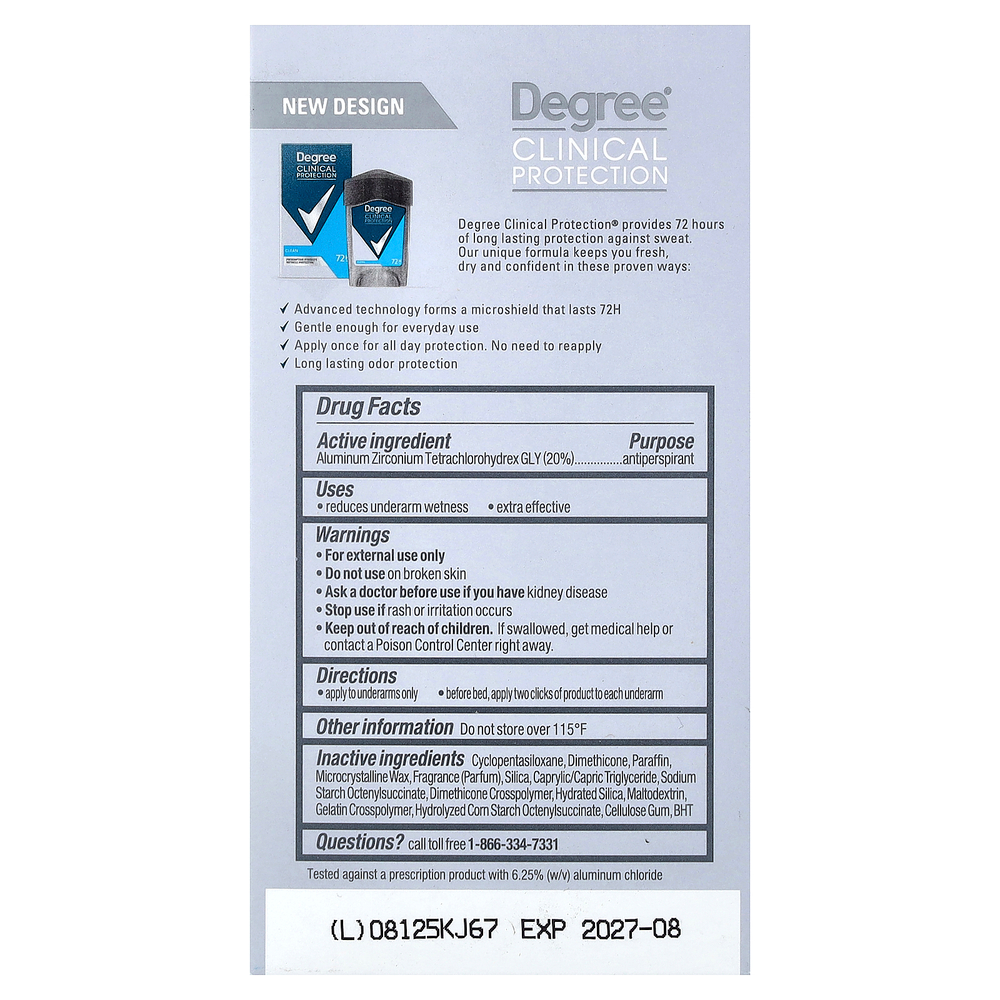 Degree, Clinical Protection, дезодорант-антиперспирант, мягкий твёрдый, чистый, 48 г (1,7 унции)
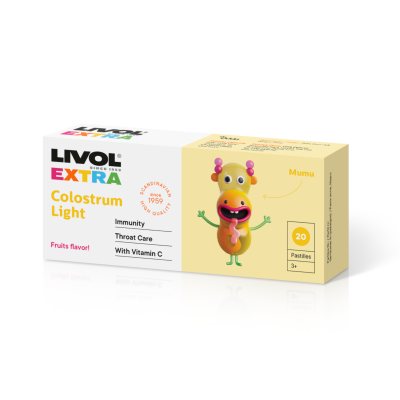 LIVOL EXTRA čiulpiamosios pastilės gerklei COLOSTRUM LIGHT N20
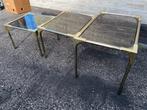 vintage mid century vergulde rook glas bijzettafels, Ophalen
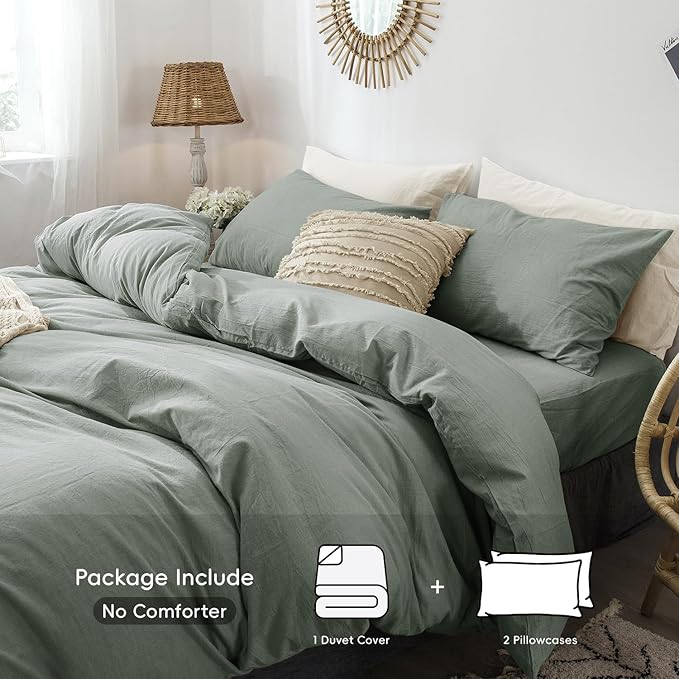 MooMee Bedding Duvet Cover Set 100% Washed Cotton Linen Like Textured Breathable Durable Soft Comfy (Heathered Green, King 104"x90")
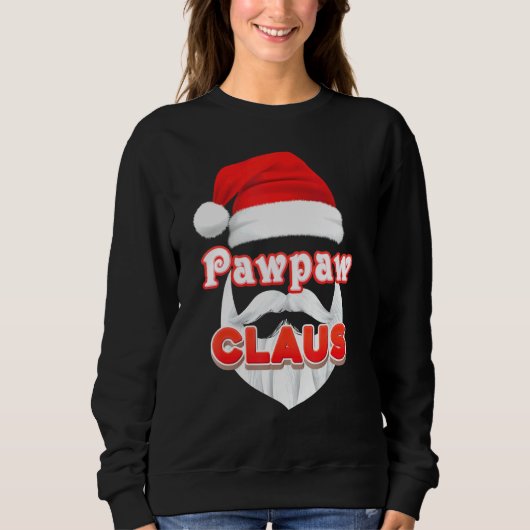 Pawpaw Claus Christmas Santa Face Merry Ugly Sweat Sweatshirt (Vorderseite)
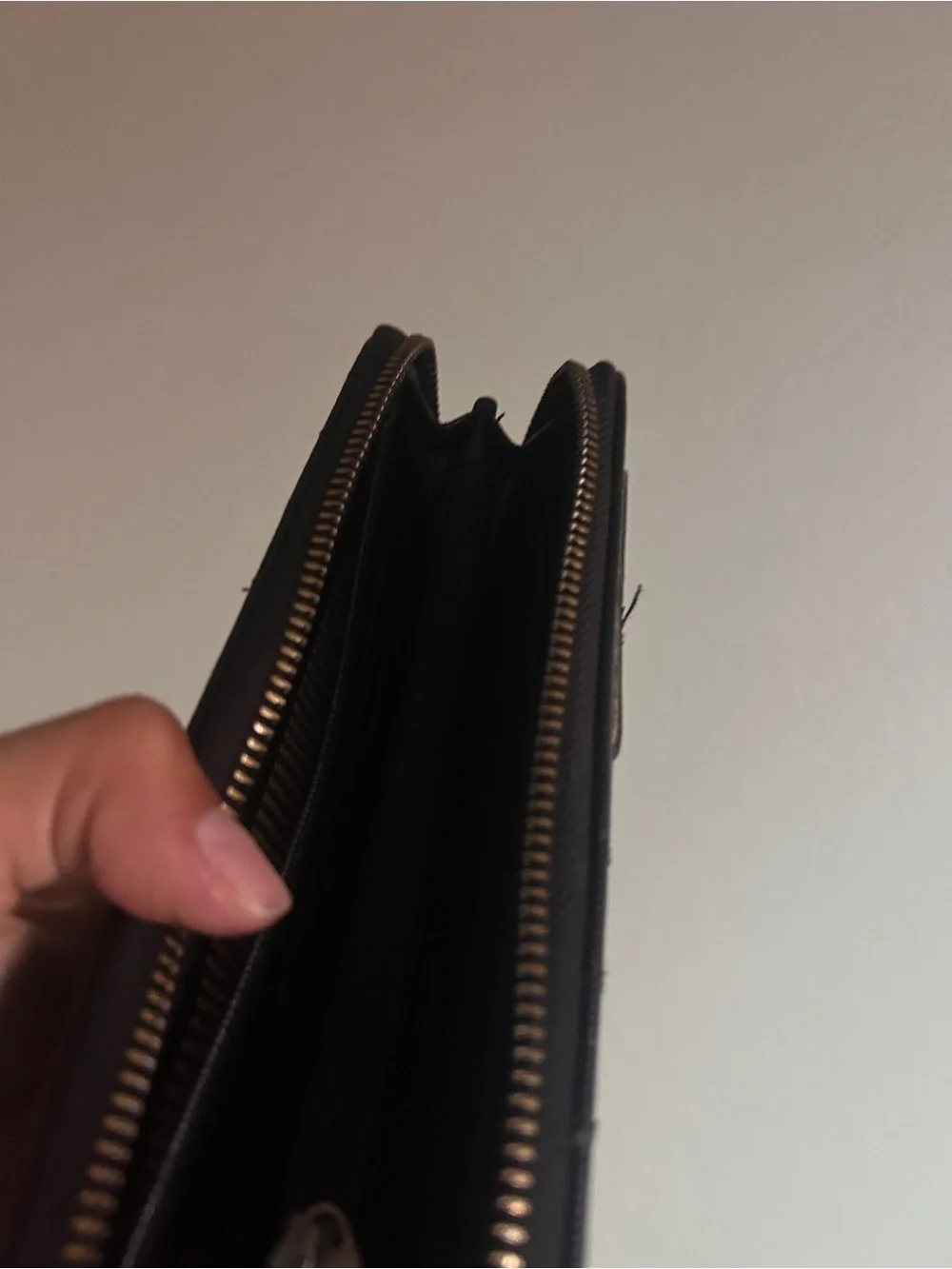 Black Themed Zip Wallet with Decorative Tech Panel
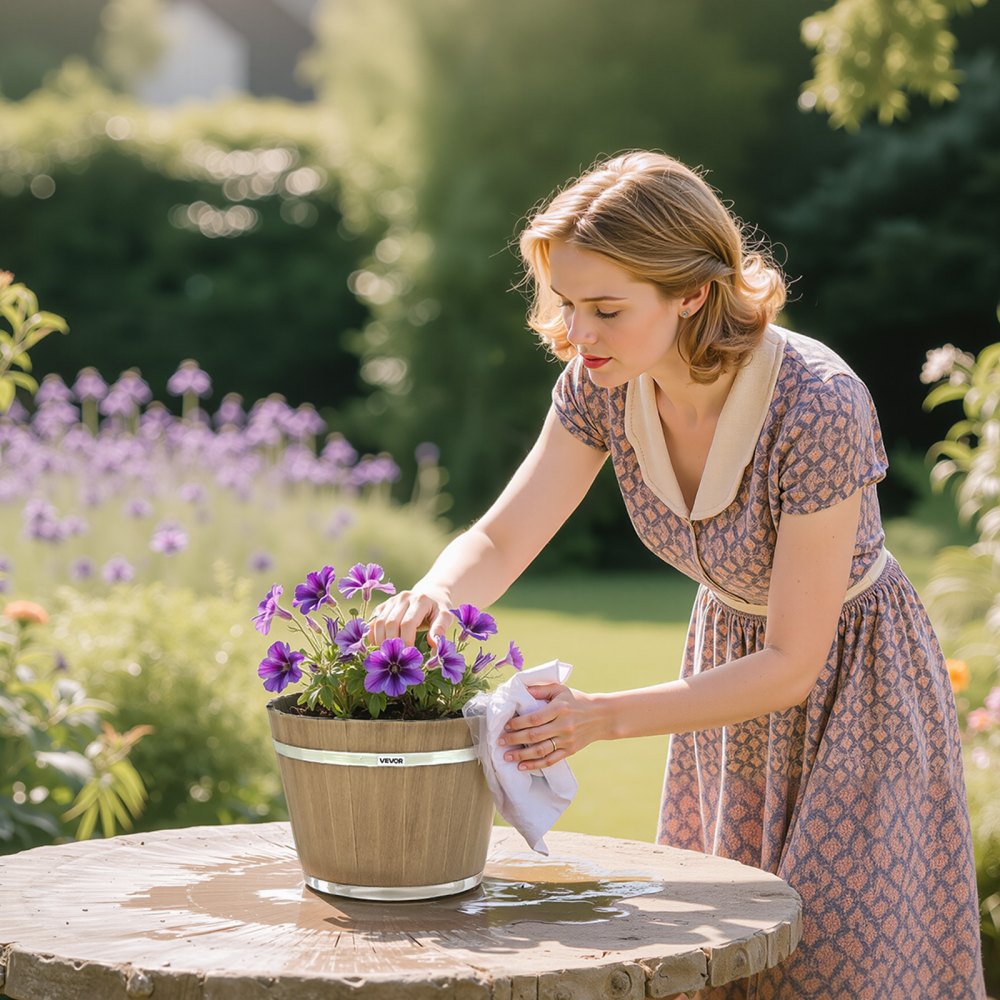 Resin Whiskey Barrel Planter Garden Flower Plant Pot 300 x 300 x 210 mm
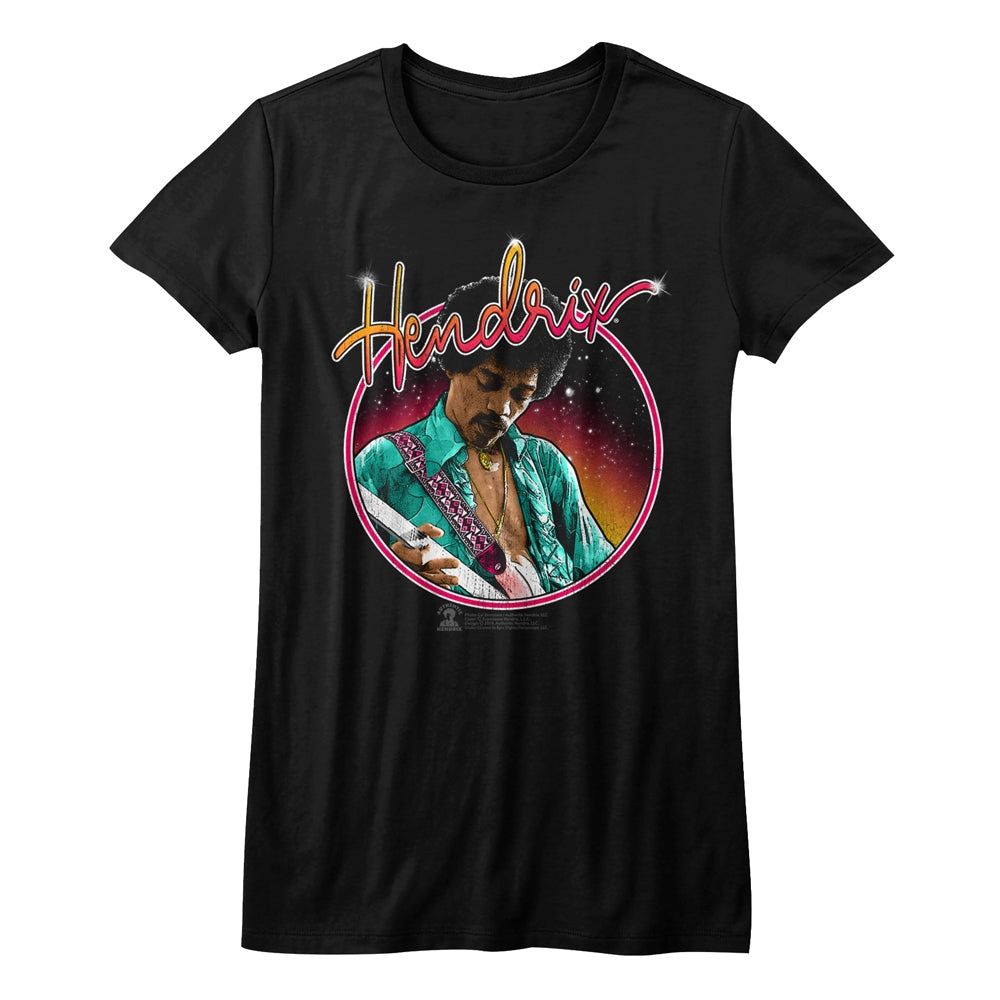 Jimi Hendrix Girls Juniors S/S T-Shirt - Neon - Solid Black Hoodie, Sweatshirt | CiraTrend.com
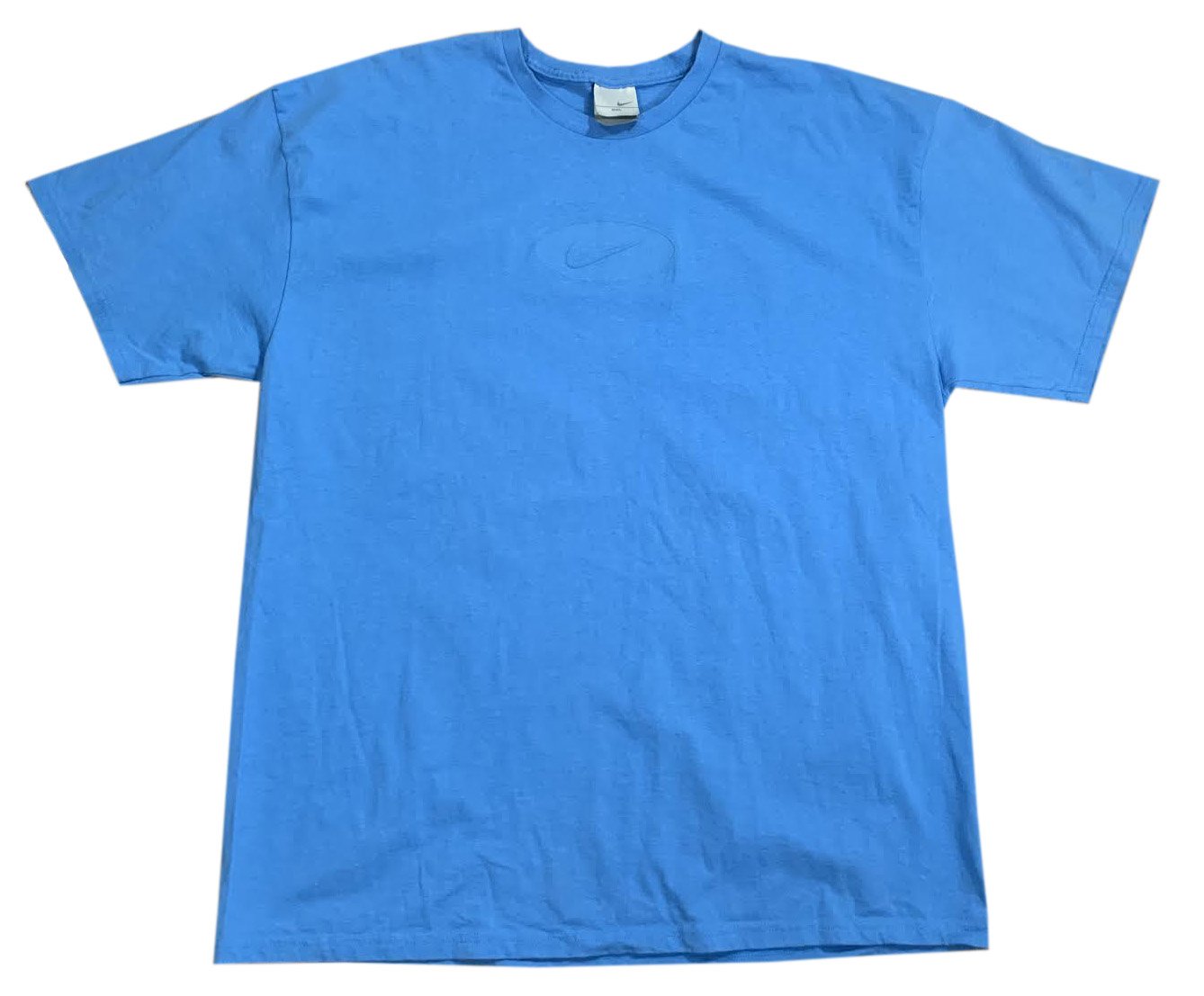 Vintage Nike Embossed Swoosh Carolina Blue T Shirt (Size XXL
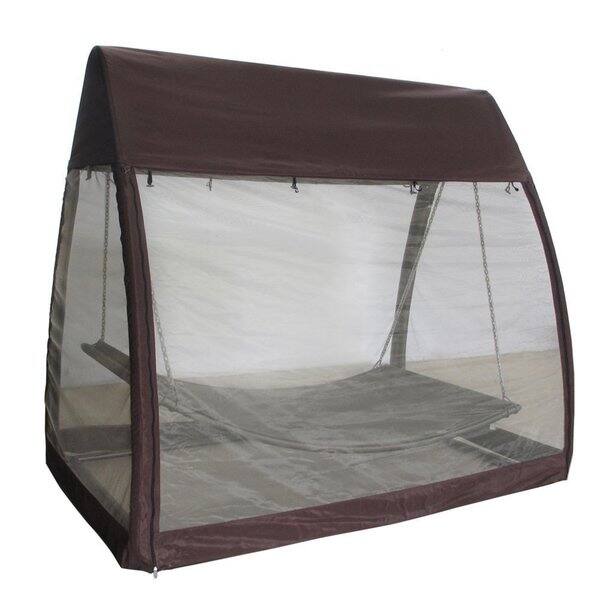 Shop Abba Patio Outdoor Arched Canopy With Hanging Hammock Porch Swing And Net In Chocolate Overstock 11818470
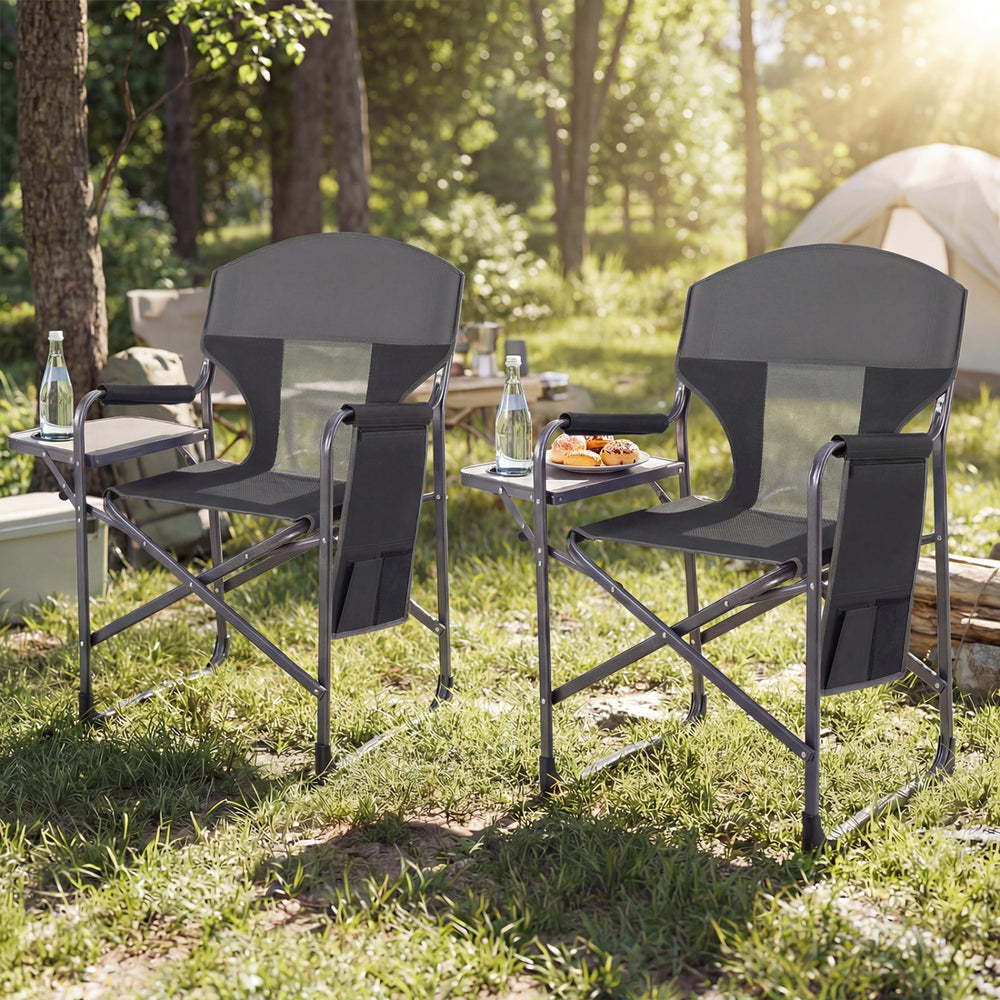 Folding Camping Chair with Cup Holder and Storage Pocket-Black - Gallery View 1 of 9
======
### YOUR INSTRUCTIONS
Reproduce exactly, with every picture left out, the lines from the one that contains "Jimi Hendrix Girls" to the final line of the records above.

### YOUR RESPONSE
 Jimi Hendrix Girls Juniors S/S T-Shirt - Neon - Solid Black Hoodie, Sweatshirt | CiraTrend.com
 Vintage Nike Embossed Swoosh Carolina Blue T Shirt (Size XXL
 Shop Abba Patio Outdoor Arched Canopy With Hanging Hammock Porch Swing And Net In Chocolate Overstock 11818470
 Folding Camping Chair with Cup Holder and Storage Pocket-Black - Gallery View 1 of 9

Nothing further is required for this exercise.